**WHAT TO DO**: Return each line of the data below exactly, omitting any pictures.

**SUPPLIED MATERIAL**:
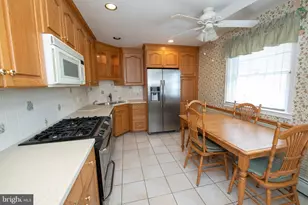 831 Medway Rd, Philadelphia, PA 19115 - Photo 19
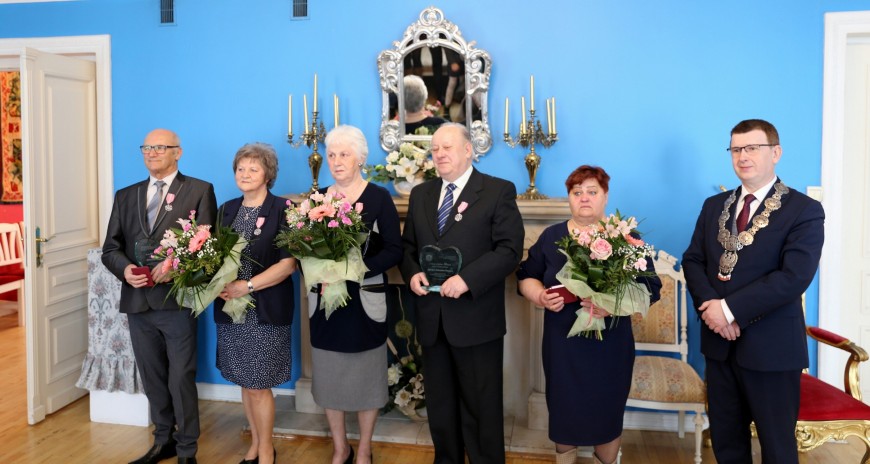 Zdjęcie przedstawia Prezydenta Miasta Ostrowca Świętokrzyskiego Jarosława Górczyńskiego wraz z parami świętującymi złote gody.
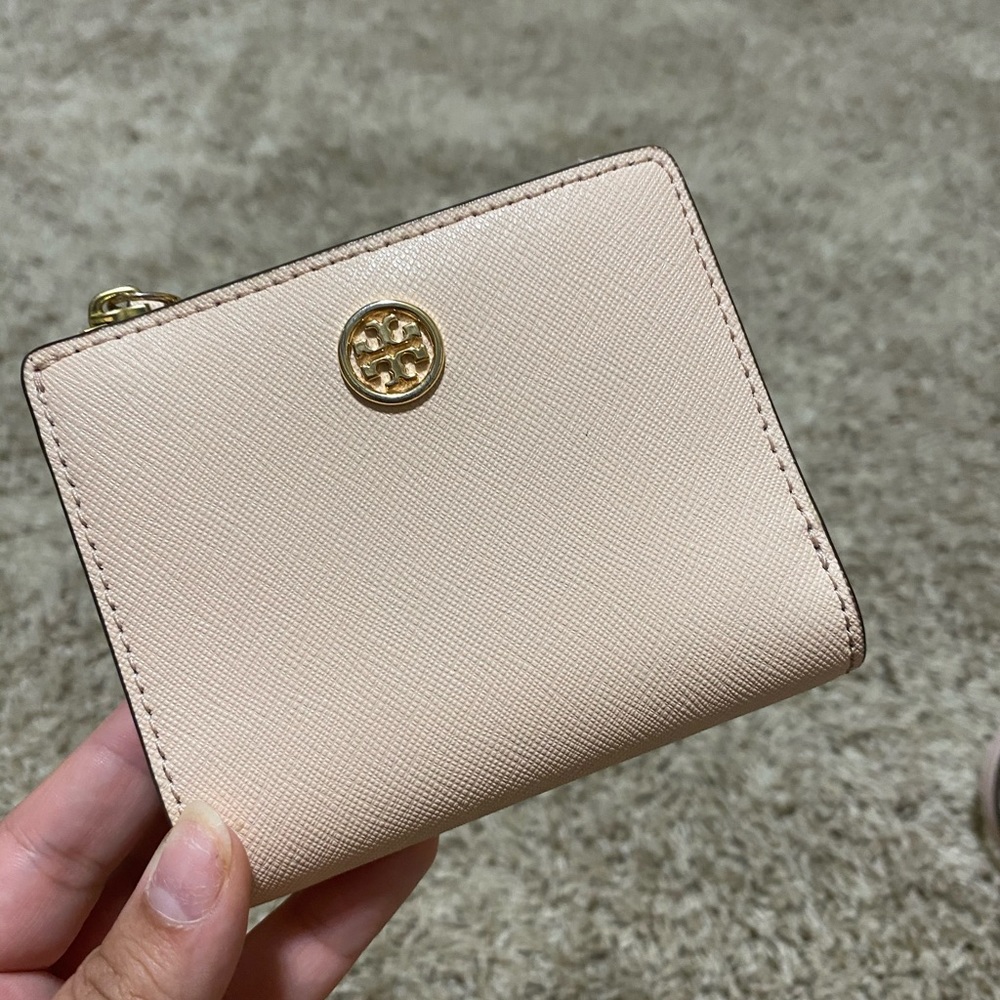Tory Burch mini wallet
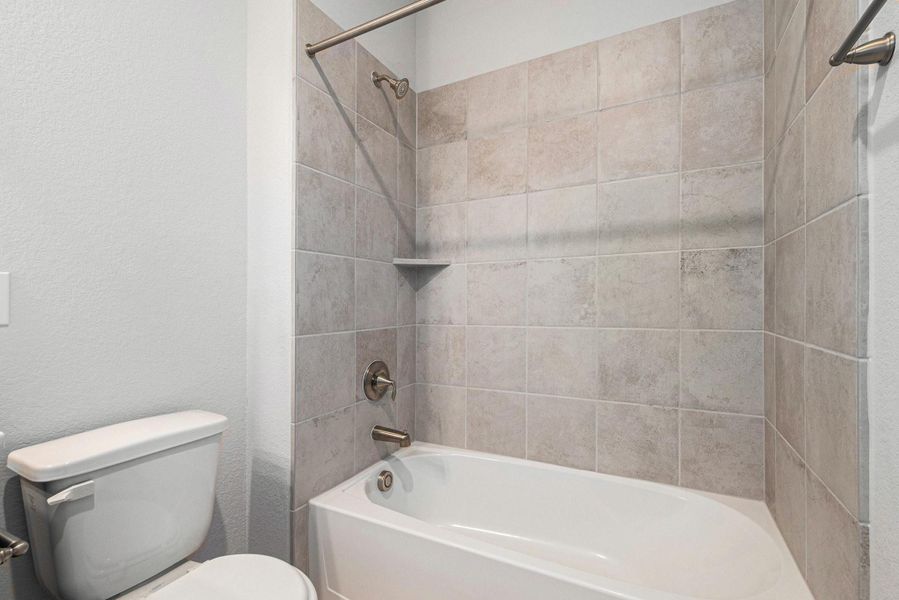 Image 16 of a home in Encino Estates. Image 16 of a home in Encino Estates.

**EXPECTED ANSWER**:
 831 Medway Rd, Philadelphia, PA 19115 - Photo 19
 Zdjęcie przedstawia Prezydenta Miasta Ostrowca Świętokrzyskiego Jarosława Górczyńskiego wraz z parami świętującymi złote gody.
Tory Burch mini wallet
 Image 16 of a home in Encino Estates. Image 16 of a home in Encino Estates.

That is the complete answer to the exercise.